Mislaying the 'Blame' for Citizens United

            The secret deliberations of Supreme Court justices ordinarily emerge, if at all, only years after the fact. But in a startling, if understated, scoop, Jeffrey Toobin has disclosed what he depicts as suspect maneuvering in a decision barely two years old: the 5-4 ruling in the Citizens United case, which gave corporations a First Amendment right to spend unlimited sums on political campaigns.
            Toobin, the prolific author and CNN legal commentator, broke the news of the behind-the-scene events in an article in the New Yorker, excerpted from his forthcoming book due out in September The Oath: The Obama White House vs. The Supreme Court. In an article that bears the accusatory subhead, “How John Roberts orchestrated Citizens United,” Toobin blames Roberts for converting what could have been a narrow, statutory decision on federal campaign finance law into an aggressive, precedent-overruling decision granting corporations a constitutional right to tilt the political system in favor of the Republican Party.
            The sequence of events in Citizens United is public record. The oral arguments in March 2009 were followed by the court’s surprising decision in late June to call for rearguments in September. The court issued its ruling in January 2010 in a forceful majority opinion by the supposedly moderate conservative Anthony M. Kennedy along with a long and passionate dissent by the couort’s senior liberal, John Paul Stevens.
            With no named sources, Toobin adds to the public record by disclosing that Roberts initially wrote a self-assigned majority opinion on narrow grounds that failed to gain majority support from the conservative bloc after Kennedy wrote a concurrence calling for a broader decision. Kennedy’s now-majority opinion drew a vigorous dissent from David H. Souter, who pointedly complained about the irregularity of ruling on a question not presented and argued in the case. Stung, Roberts decided to call for a second round of arguments specifically to address the question of overruling the court’s two precedents upholding bans on direct corporate or union spending in political races.

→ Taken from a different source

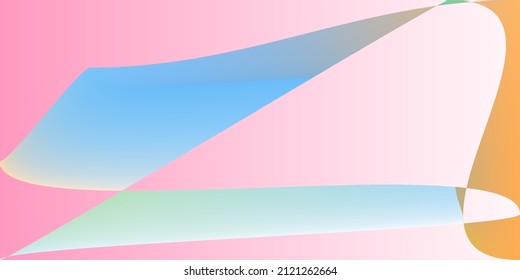 Shape Pink Digital Multicolor Rainbow Gradient Mesh. Minimal Dynamic Modern Layers Illustration. Smooth Psychedelic Fluid Technology Original Background. Pastel Neon Futuristic Color Smooth Surface.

             As Toobin writes — and as court watchers understood at the time — the outcome of the second round of arguments was predetermined. The conservative majority would not have asked about overruling the prior cases unless they planned to follow through — as they did. The result, Toobin concludes, “represented a triumph for Chief Justice Roberts.”
            “Even without writing the opinion,” Toobin continues, “Roberts, more than anyone, shaped what the Court did. As American politics assumes its new form in the post-Citizens United era, the credit or the blame goes mostly to him.”
            Toobin’s conclusion matches the theme of the new book: a popularly elected, Democratic president versus an unelected court split along partisan lines with Republican appointees in the majority. But one does not have to approve of Citizens United or the Roberts Court’s aggressive stance on campaign finance and other, even hotter-button issues such as abortion and school integration to find the singling out of Roberts unsupported by the evidence.
            Omitted in Toobin’s telling is any mention of Roberts’s unusual, 14-page concurring opinion seeking to square his vote in the case with what he calls “the important principles of judicial restraint and stare decisis” — that is, respect for precedent. Retracing some of the ground from Kennedy’s opinion, Roberts argues that the first of the two precedents being overruled, Austin v. Michigan Chamber of Commerce (1990), was an “aberration” at the time and was now being defended by the government on untenable grounds not used in the original decision. Stare decisis, Roberts writes, “commands deference to past mistakes, but provides no justification for making new ones.”
            With Toobin’s new information, Roberts’s separate opinion can be seen not so much as an affirmative endorsement of the ruling but as a defensive reply to Souter’s unfiled dissent. Roberts, it would seem, was a reluctant bull in the jurisprudential china-breaking. The blame for the activist result in Citizens United lies first with Kennedy, who had dissented in Austin and again in the court’s first ruling to uphold the major parts of the McCain-Feingold campaign finance law, McConnell v. Federal Election Commission (2003). Roberts might have withheld his vote once the rest of the conservatives had shown they were ready to overrule both of the earlier decisions, but a plurality opinion would have left campaign finance law in a muddle as election season was about to get under way.
            Toobin closes by highlighting the role that independent campaign expenditures have played and are playing in the 2012 presidential election: the multimillion-dollar spending by gambling mogul Sheldon Andelson in support of Newt Gingrich and by Wyoming financier Foster Friess in support of Rick Santorum. Those expenditures, however, appear to have been made individually, not through corporations; and independent, individual spending on political campaigns has been constitutionally protected since the court’s first brush with modern campaign finance law in Buckley v. Valeo (1976).
            By contrast, corporations so far have not rushed into the opening that Citizens United gave them for unlimited political spending without the burden of creating separate political action committees (PACs). The free-campaign speech crowd is applauding Citizens United as a vindication of the First Amendment even as critics are condemning it for tilting the political playing field further toward business interests. Both sides may be exaggerating its impact, just as Toobin is in blaming Roberts personally for the decision.